The site of the library is situated at a corner of the residential area which consists of 20 to 30 storey standard apartment typology found in Seoul. Struck by the repetitive language of straight extrusions and mass multiplication of rectangular blocks of the ‘sameness’, we wanted to take the opportunity to provide a building which reflects the surrounding yet bring liveliness to the monotonous architecture of the surroundings.
Taking the cue from the language of the surroundings, the exterior of the library is derived from simple stacking of box shape volumes with rhythmical variations. We were interested in the loose structuralism of stacked boxes and its inherent incompleteness. Although the repetition of boxes are monotonous, the impreciseness of loosely stacked boxes have the temporal appeal to it as if one can always dismantle and reassemble in different ways. And we wanted to use this temporality of this particular formation as a contextual linkage as well as an analogy to the contemporary requirement of a library which is no longer a static archive facility of the past where information is organised and stored for on demand retrieval, but rather an institution facilitate loose assemblage of collective information ‘pulled-in’ from multiple and volatile formats and sources which can be constantly re-organized according to the fast changing structure of new information. Therefore flexibility within a loose framework became the key concept of this project. We wanted the exterior of the building to have a certain order constituted by the simple elements of boxes and gaps between each boxes at the same time allowing variations within each elements so that the overall composition could exists somewhere between the order and the randomness. This suspension between the order and the randomness within the stack have created interesting three dimensionality of facades which is then translated into parts of the interior spaces as windows, lightings and also part of the furnishing inside.

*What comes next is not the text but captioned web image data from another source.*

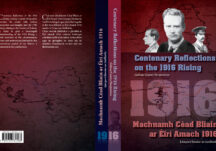 Centenary Reflections on The 1916 Rising. Galway County Perspectives.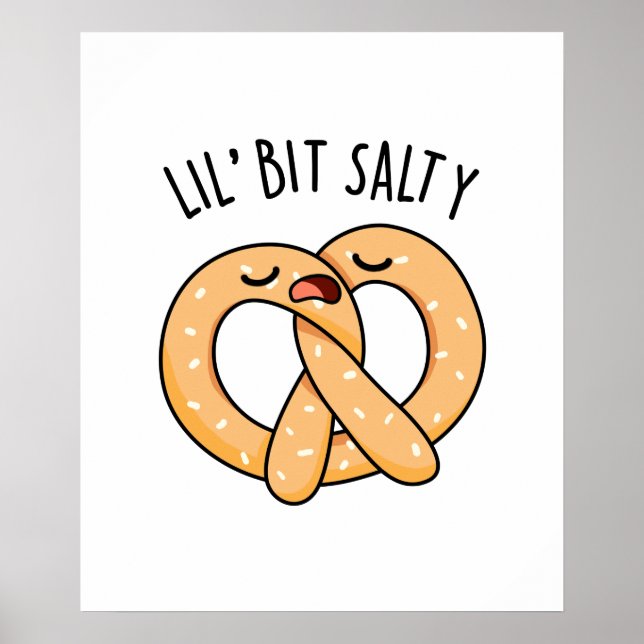 Poster Un peu de Cool salé Pretzel Pun (Devant)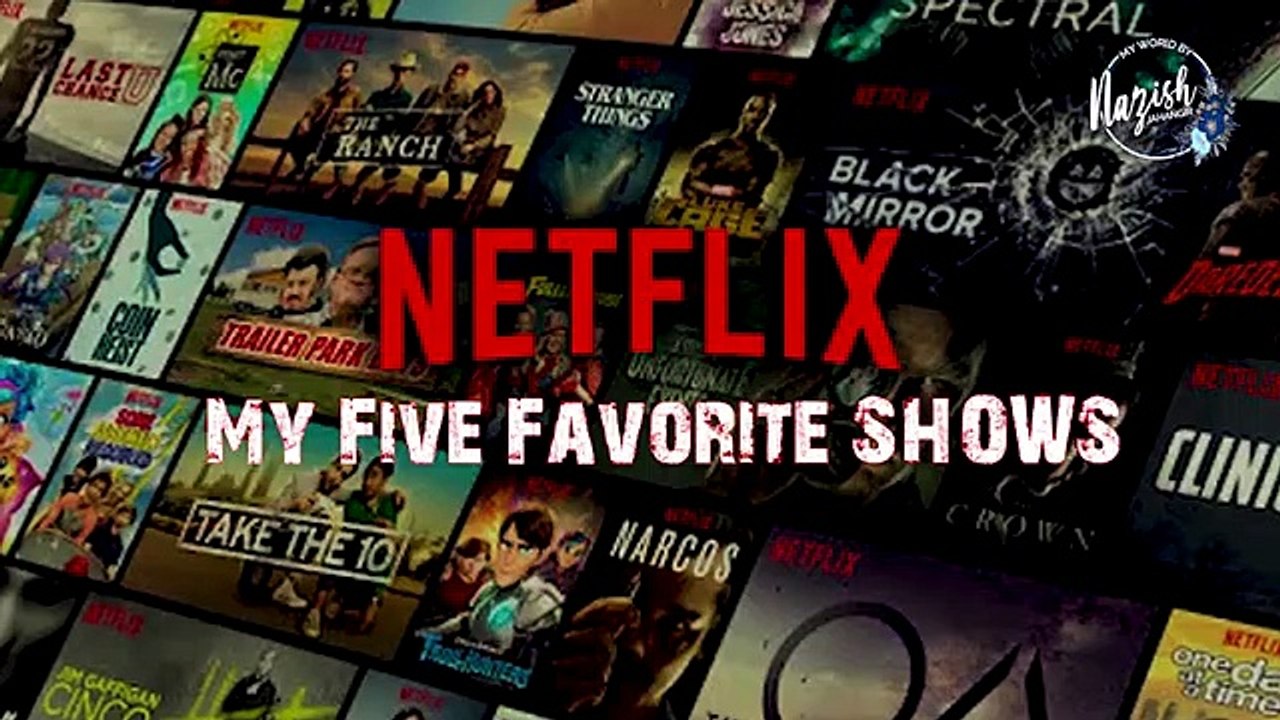 My_Top_5_Favorite_Netflix_Shows_|_Nazish_Jahangir_|_Best_Netflix_Series_2023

The overall massing consists of two main volumes separated by a courtyard. These two volumes create frontages to the two streets that they are facing and provide functional division between reading rooms and offices and conference facilities. The ground floor is provided with retail units to reinforce the public use of the central courtyard. The roof is also utilized as public roof garden, where visitors can access, providing spaces for reading, or small gatherings as well as being an area for resting.